Importante sottolineare come i numeri pubblicati non siano però sinonimo di conflitto in espansione. Come dimostrato da diverse realtà, infatti, il livello di conflitto con le attività umane non dipende dal numero di lupi presenti su un territorio, ma dalla corretta applicazione e diffusione delle tecniche di prevenzione più adatte ai singoli contesti e alle singole aziende agricole. Questo è confermato anche dalla letteratura scientifica, che dimostra come gli abbattimenti non servano a ridurre i danni.
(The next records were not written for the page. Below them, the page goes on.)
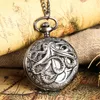 Pocket Watches Vintage Hollow Octopus Flip Watch Fashion Unisex Quartz Necklace Metal Clock For Men Retro Stylish Women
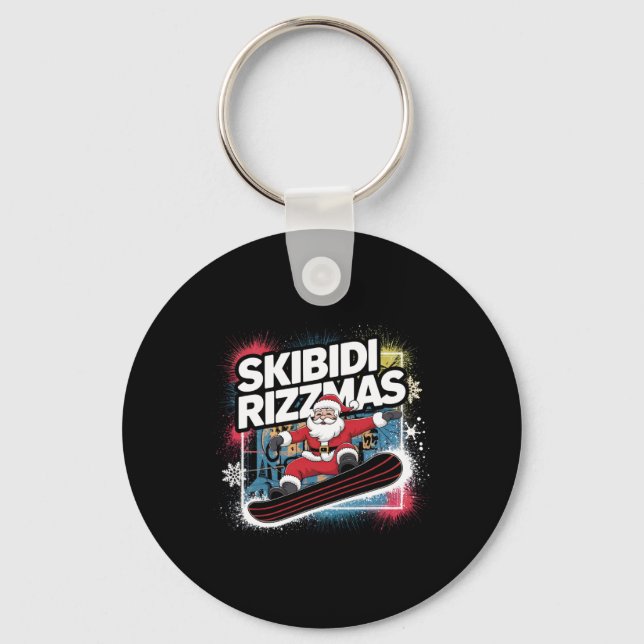 Llavero Skibidi Rizzmas Snowboarding Santa Funny Xmas Chri (Anverso)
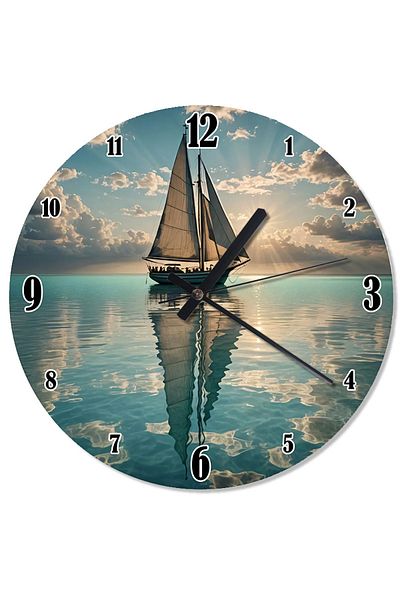 karizmart Sailing Ship Lake Landscape Special Design Wall Clock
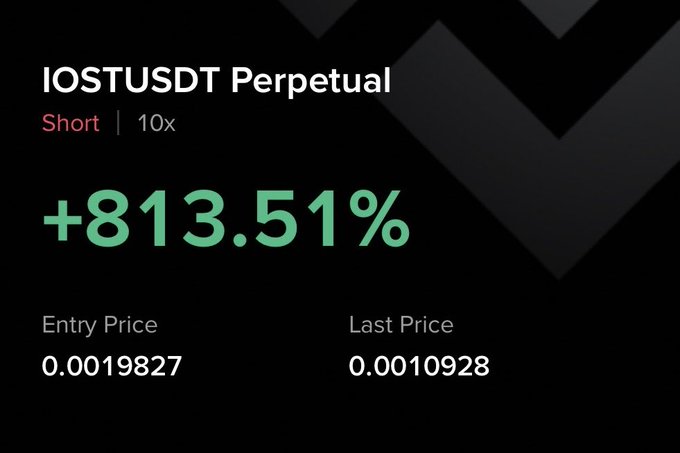 A trading screen showing an IOSTUSDT Perpetual Short position with 10x leverage and a +813.51% gain, with an entry price of 0.0019827 and a last price of 0.0010928.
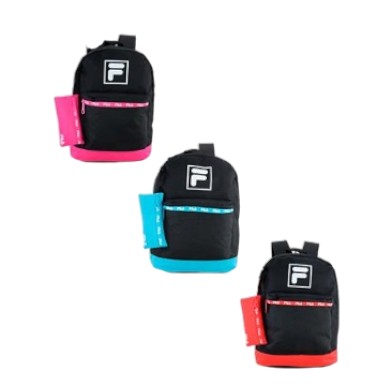 Fila Backpack, Black with Pink / Red / Aqua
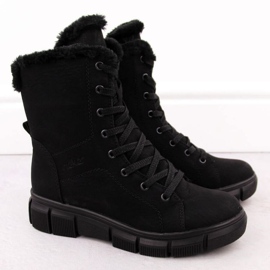 Bottes Rieker RKR743 avec fourrure le noir 2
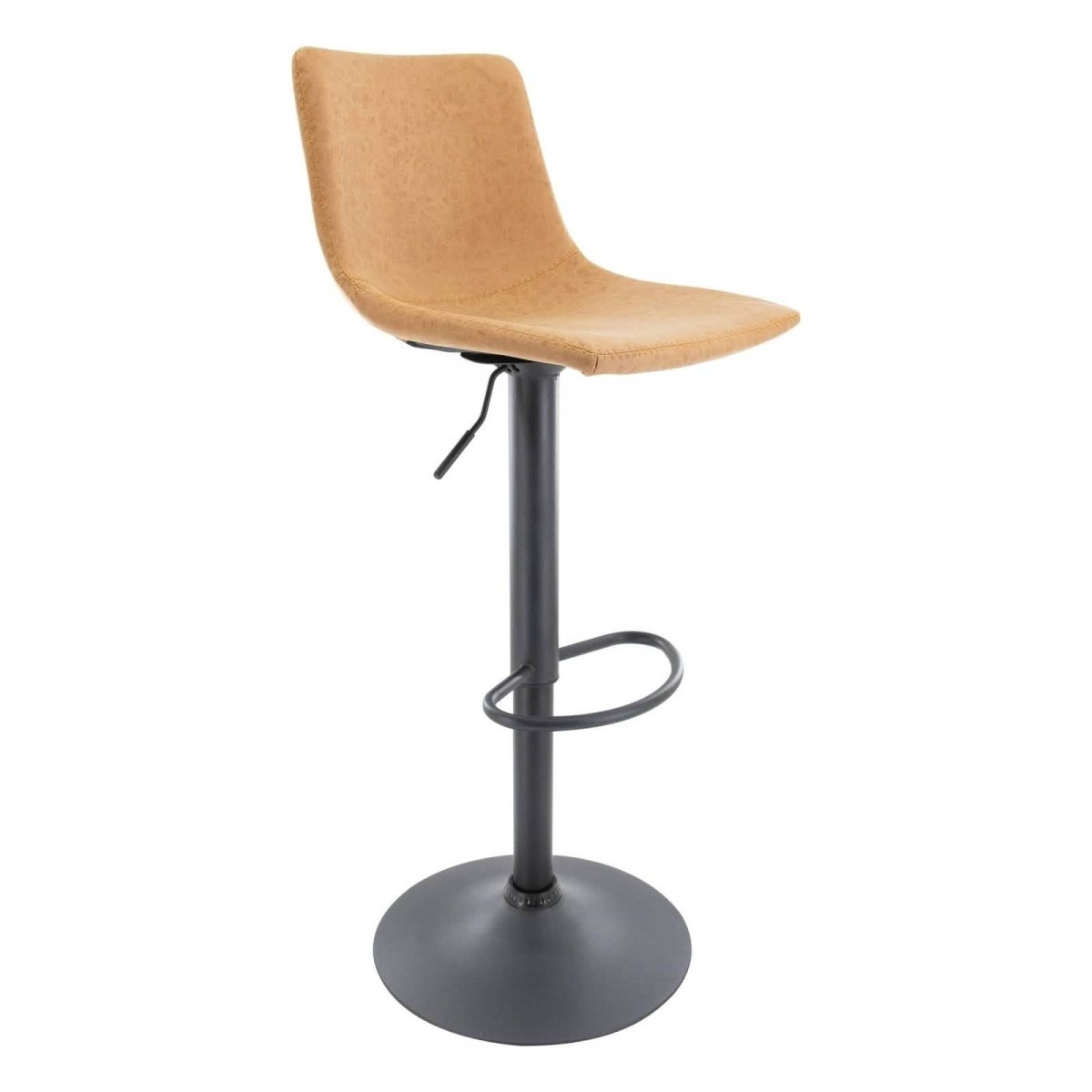 Tilbury Modern Adjustable Bar Stool with Footrest and 360-Degree Swivel Light Brown Bar Stools Leisuremod
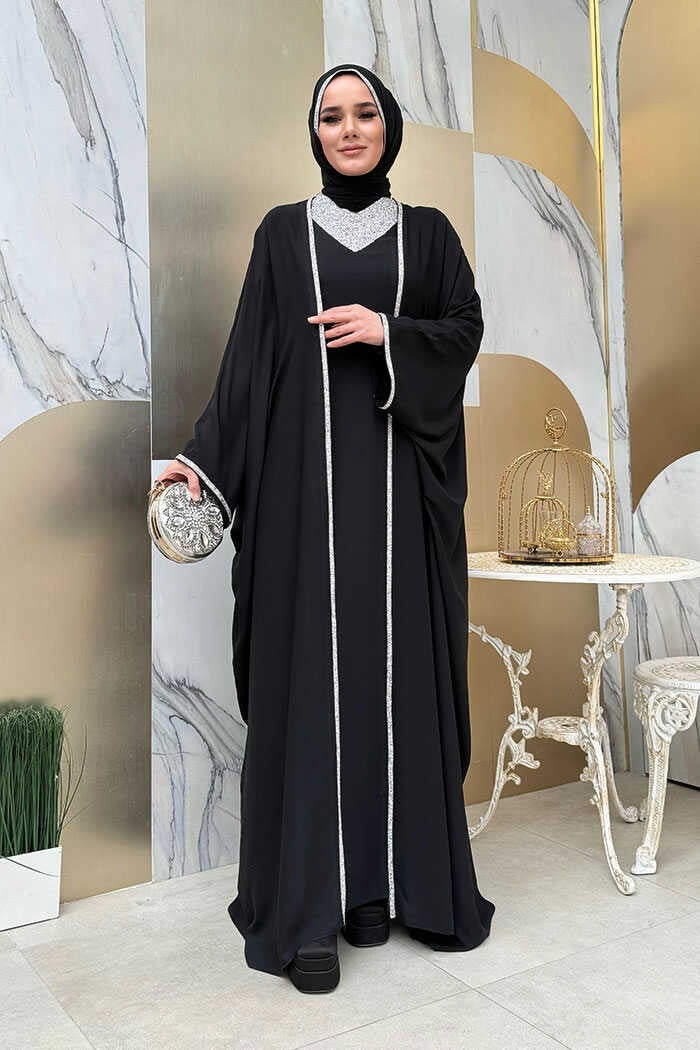 Bym Fashion Stone Embroidery Detail Dress Cape Suit 8496 Black  - Image 1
Viceversa, è importante che anche i singoli cittadini aiutino a prevenire conflitti nelle zone di nuova espansione, in primis evitando di lasciare cibo a disposizione di lupi e di altri animali selvatici, e gestendo correttamente i propri animali domestici.

Nel periodo storico attuale, il successo nella conservazione del lupo (sul baratro dell’estinzione fino a pochi decenni fa quando negli Anni 70 il WWF promosse il primo censimento sulla specie con l’Operazione San Francesco) permette di ragionare a scala più ampia, ponendo ambiziose sfide per la conservazione di tutta la nostra biodiversità.

Lavorare per la conservazione del lupo, specie iconica e tassello fondamentale per il corretto funzionamento degli ecosistemi (ricordiamo ad esempio, anche il prezioso ruolo che il predatore può svolgere nel contenimento della diffusione della peste suina nella popolazione di cinghiali), significa proteggere tutte le specie e gli habitat che da questo dipendono. Incrementare le nostre aree protette, portando al 30% la superficie di territorio nazionale sottoposto a tutela entro il 2030, è una sfida che permette anche di aumentare le aree con una sempre migliore integrazione tra la presenza del lupo e le attività umane.